Your task is to repeat the entries below exactly and to leave their images out.

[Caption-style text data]
═══
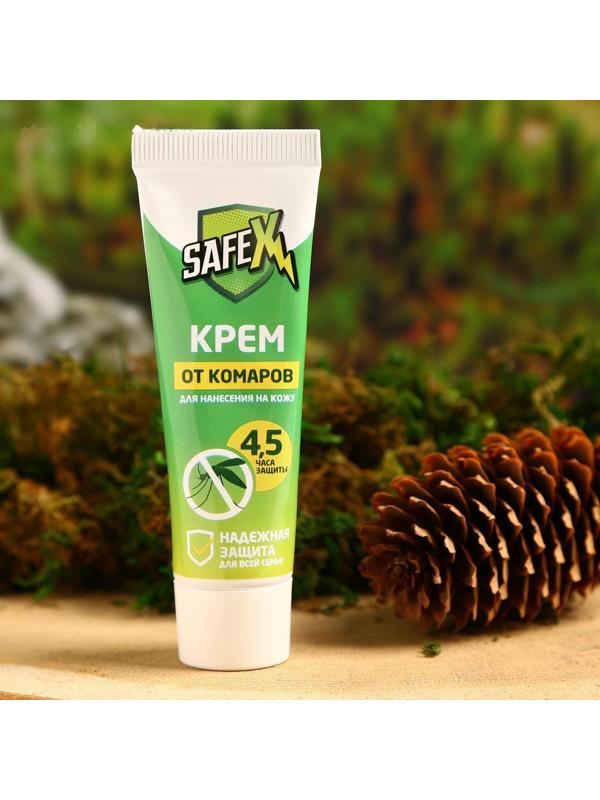 Крем от комаров SAFEX, 30 мл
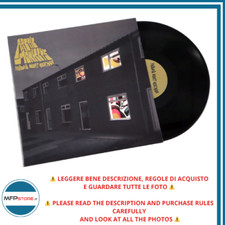 Vinile 33 giri Arctic Monkeys Favourite Worst Nightmare LP APERTO MAI SUONATO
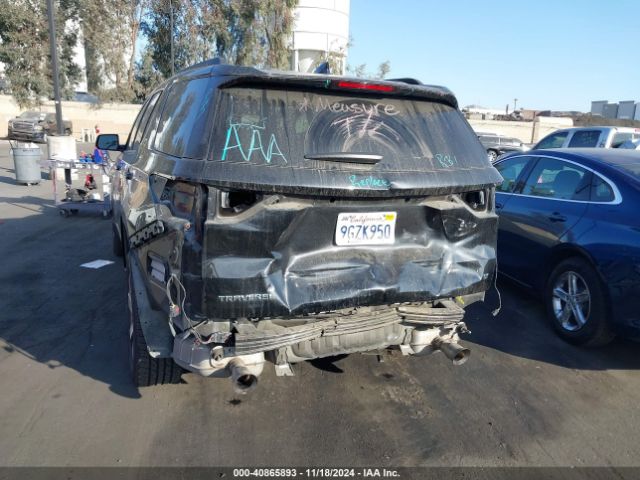 1GNERHKW6LJ196754 Chevrolet Traverse Fwd Lt Leather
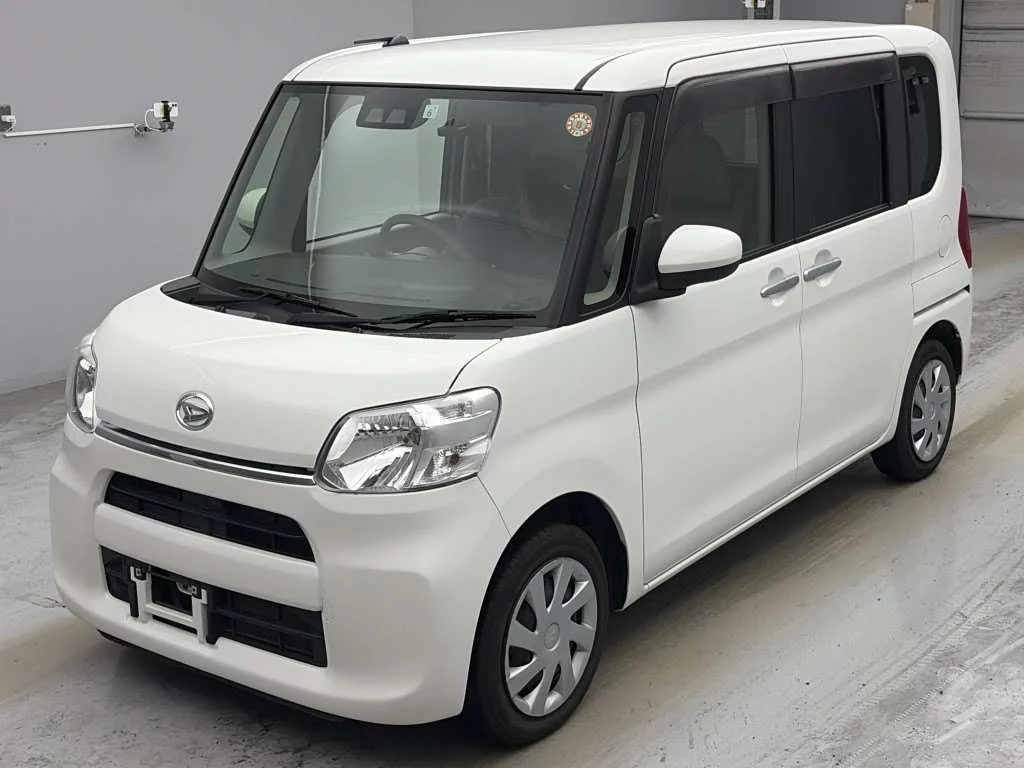 Daihatsu Tanto LA600S 2019
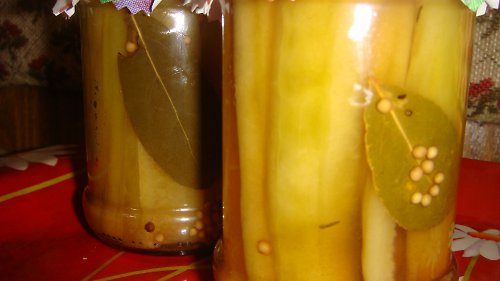 Cukrové okurky — foto 2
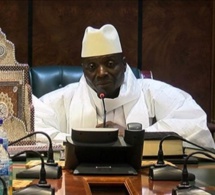 Gambie: Yahya Jammeh nomme un médiateur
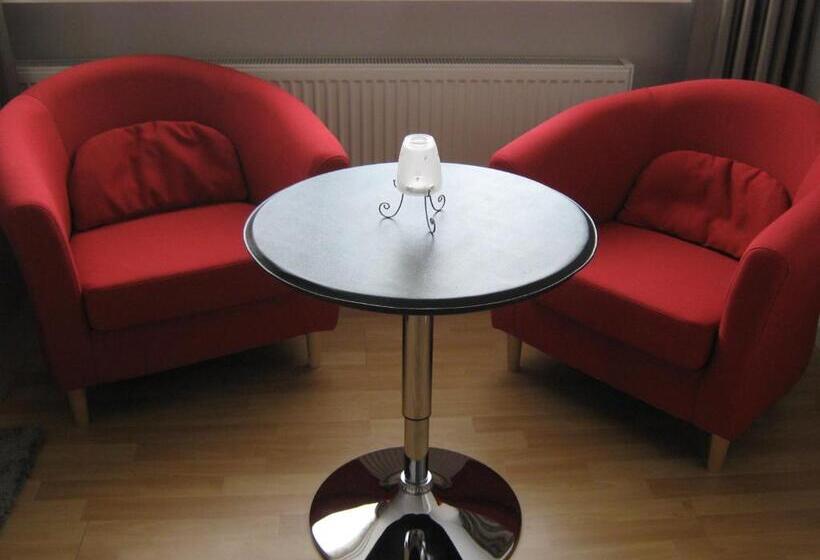 غرفة قياسية, B&b De Tobbedanser Harlingen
═══
> **Answer to the problem**
 Крем от комаров SAFEX, 30 мл
 Vinile 33 giri Arctic Monkeys Favourite Worst Nightmare LP APERTO MAI SUONATO
 1GNERHKW6LJ196754 Chevrolet Traverse Fwd Lt Leather
 Daihatsu Tanto LA600S 2019
 Cukrové okurky — foto 2
 Gambie: Yahya Jammeh nomme un médiateur
 غرفة قياسية, B&b De Tobbedanser Harlingen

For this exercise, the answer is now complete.